#### [EXTRACTED ENTRIES]
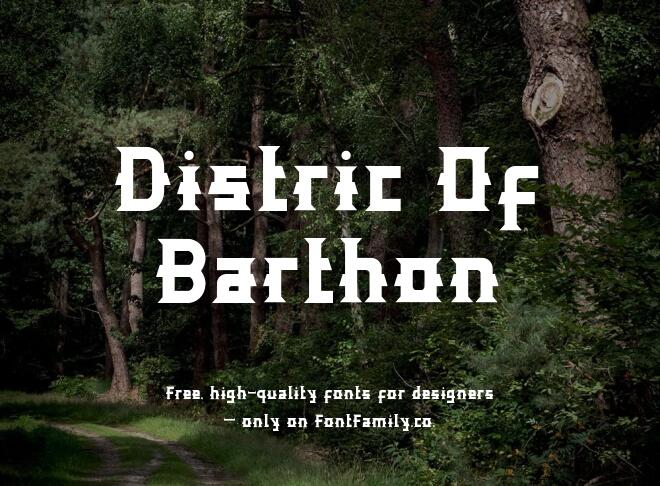 Distric Of Barthon Font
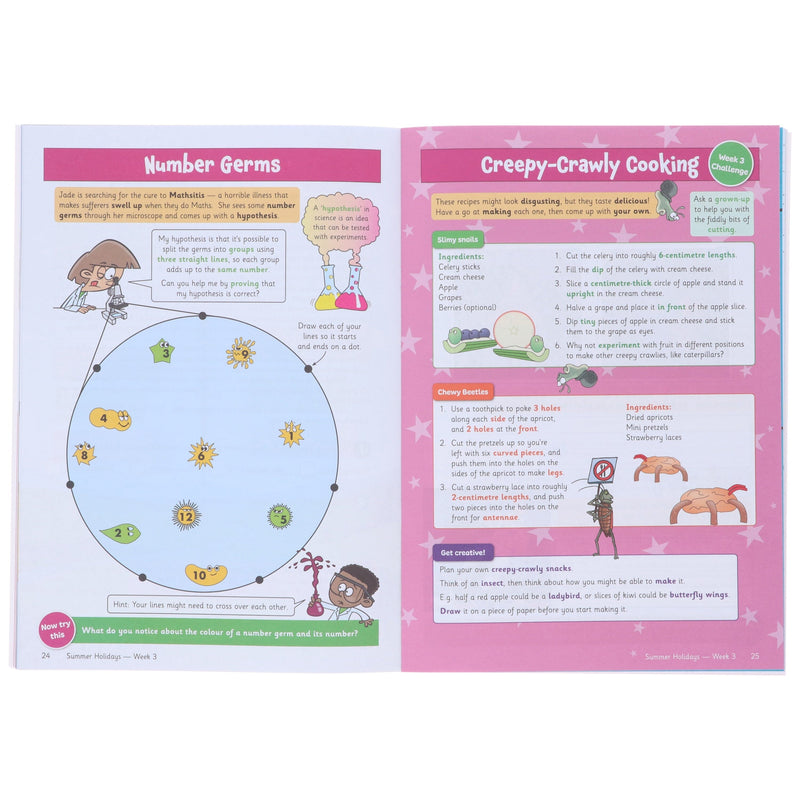 CGP Summer Holidays Activity Workbook (For kids between Year 5 & Year 6) 2 Books Set - Paperback 9-14 Coordination Group Publications Ltd (CGP)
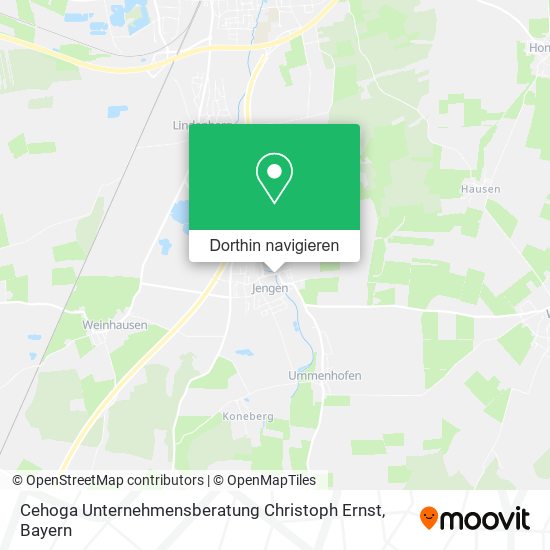 Cehoga Unternehmensberatung Christoph Ernst Karte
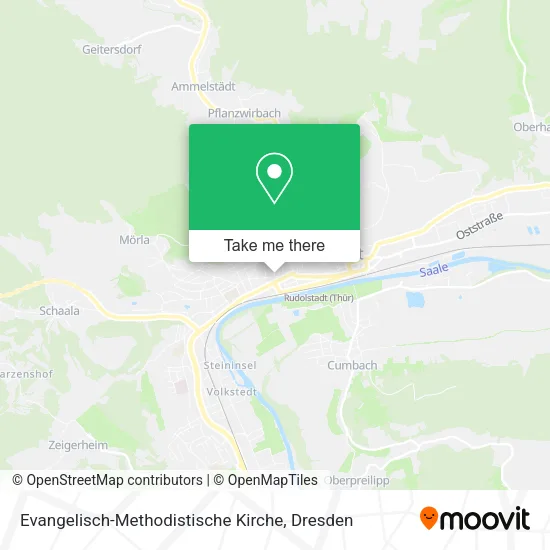 Карта Evangelisch-Methodistische Kirche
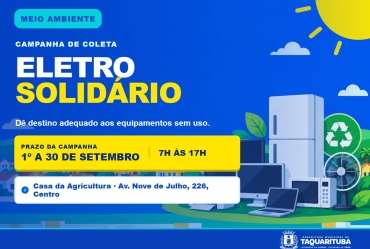 Taquarituba recebe equipamentos  eletrônicos para descarte até 30 de setembro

#### [WORK ORDER]
Exercise for the records above: copy only the lines from the one with "CGP Summer Holidays" to the one with "Карта Evangelisch-Methodistische Kirche", both ends kept, and drop the pictures.

#### [RESULT OF THE TASK]
 CGP Summer Holidays Activity Workbook (For kids between Year 5 & Year 6) 2 Books Set - Paperback 9-14 Coordination Group Publications Ltd (CGP)
 Cehoga Unternehmensberatung Christoph Ernst Karte
 Карта Evangelisch-Methodistische Kirche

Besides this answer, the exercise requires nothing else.